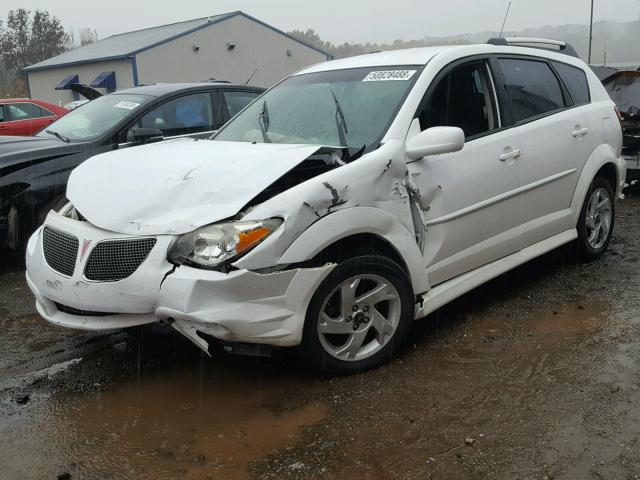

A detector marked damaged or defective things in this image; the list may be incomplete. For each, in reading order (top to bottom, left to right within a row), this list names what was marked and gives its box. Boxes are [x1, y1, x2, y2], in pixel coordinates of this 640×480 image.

crumpled hood [67, 139, 322, 236]
broken headlight [169, 219, 282, 268]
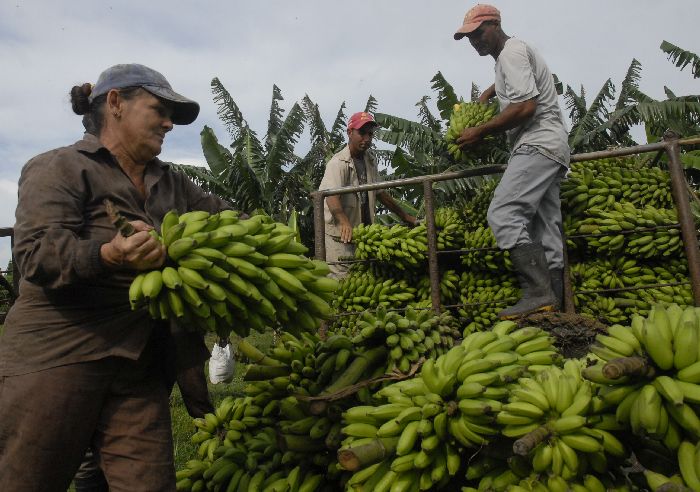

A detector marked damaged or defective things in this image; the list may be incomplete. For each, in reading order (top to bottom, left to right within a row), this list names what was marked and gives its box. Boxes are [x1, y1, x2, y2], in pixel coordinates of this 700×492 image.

rusty metal rail [310, 135, 700, 312]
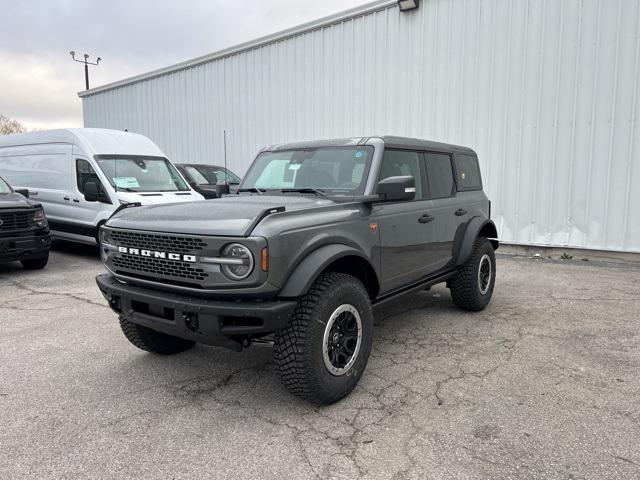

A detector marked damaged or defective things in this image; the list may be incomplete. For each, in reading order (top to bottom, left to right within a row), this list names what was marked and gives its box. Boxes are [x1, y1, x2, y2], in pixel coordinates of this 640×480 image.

cracked pavement [1, 244, 640, 480]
§ §
§ **Task item**
Only the records, copied exactly and without pictures, should make up the answer.

§ **Your solution**
A detector marked damaged or defective things in this image; the list may be incomplete. For each, in reading order (top to bottom, left to right within a row), this list names what was marked and gives its box. Boxes are [x1, y1, x2, y2], in pixel coordinates of this 640×480 image.

crumpled hood [67, 139, 322, 236]
broken headlight [169, 219, 282, 268]

A detector marked damaged or defective things in this image; the list may be incomplete. For each, in reading order (top to bottom, left to right within a row), this list names what was marked and gives its box. Boxes are [x1, y1, x2, y2], in pixel coordinates of this 700×492 image.

rusty metal rail [310, 135, 700, 312]

A detector marked damaged or defective things in this image; the list may be incomplete. For each, in reading order (top to bottom, left to right within a row), this list names what was marked and gives its box. Boxes are [x1, y1, x2, y2], in pixel coordinates of this 640×480 image.

cracked pavement [1, 244, 640, 480]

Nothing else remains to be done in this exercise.